- memoria dei Santi LUCIA, vedova, e suo figlio spirituale GEMINIANO, martiri a Roma sotto Diocleziano (verso 303)
Archimandrita Antonio Scordino
Il giovane Geminiano, colpito dalla gioiosa serenità della vecchia Lucia, che veniva deportata, volle seguirla per assisterla e, convertito dalle sue parole, abbracciò la fede cristiana. Probabilmente i due furono deportati in Sicilia dove Lucia si addormentò in pace, dopo molti tormenti, mentre Geminiano fu decapitato. Un successivo ritocco diede un pizzico di colore a questa storia, e così si disse che Lucia e Geminiano, prodigiosamente liberati, furono trasportati dagli angeli a Taormina dove operarono miracoli finché, alla morte di Lucia, Geminiano fu decapitato a Mendola di Siracusa. Un’altra versione della stessa storia racconta invece che i due furono decapitati a Roma, e che le loro reliquie furono deposte in seguito nella chiesa di Santa Lucia in Selce, sul colle Esquilino (e quindi solo dopo trasportate in Sicilia).

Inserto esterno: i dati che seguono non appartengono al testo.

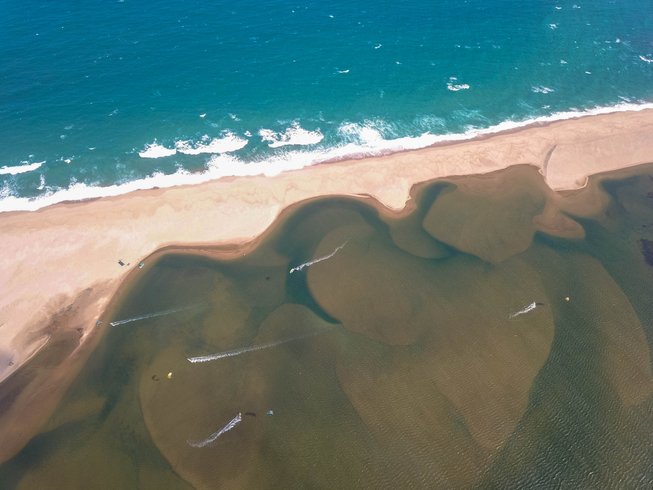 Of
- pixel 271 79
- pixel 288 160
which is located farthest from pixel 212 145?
pixel 271 79

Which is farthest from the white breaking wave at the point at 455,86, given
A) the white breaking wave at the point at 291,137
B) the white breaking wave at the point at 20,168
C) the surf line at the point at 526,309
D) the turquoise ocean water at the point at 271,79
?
the white breaking wave at the point at 20,168

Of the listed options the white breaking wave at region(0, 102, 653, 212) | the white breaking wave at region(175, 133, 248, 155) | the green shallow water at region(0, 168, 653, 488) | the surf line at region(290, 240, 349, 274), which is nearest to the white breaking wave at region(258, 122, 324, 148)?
the white breaking wave at region(0, 102, 653, 212)

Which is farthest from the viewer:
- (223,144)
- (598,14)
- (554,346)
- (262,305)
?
(598,14)

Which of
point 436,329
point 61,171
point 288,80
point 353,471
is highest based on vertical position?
point 288,80

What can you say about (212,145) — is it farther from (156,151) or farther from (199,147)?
(156,151)

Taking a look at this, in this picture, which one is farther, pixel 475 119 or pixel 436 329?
pixel 475 119

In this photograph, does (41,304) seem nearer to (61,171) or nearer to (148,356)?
(148,356)

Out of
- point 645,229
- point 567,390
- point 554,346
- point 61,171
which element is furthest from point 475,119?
point 61,171

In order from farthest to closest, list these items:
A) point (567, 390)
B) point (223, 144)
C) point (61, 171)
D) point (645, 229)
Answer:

- memoria delle sante martiri PISTIS, ELPIS, AGAPE e della loro madre SOFIA
a cura della Chiesa Greco-Ortodossa di San Paolo Apostolo dei Greci, Reggio di Calabria
Queste sante martiri vivevano in Italia sotto il regno di Adriano (117-138). Erano originarie di una ricca e pia famiglia e la loro madre Sofia le aveva allevate nella fede, la speranza e la carità, di cui le aveva donato il nome. Un giorno che erano andate a Roma, le giovani e la loro madre furono catturate dalle truppe dell’imperatore, alle orecchie del quale era giunta la fama della loro pietà e delle loro virtù. Stupefatto dal constatare la loro fermezza nella fede malgrado la giovane età, l’imperatore li fece comparire separatamente, pensando che fosse per emulazione vicendevole che elle osavano tenergli testa.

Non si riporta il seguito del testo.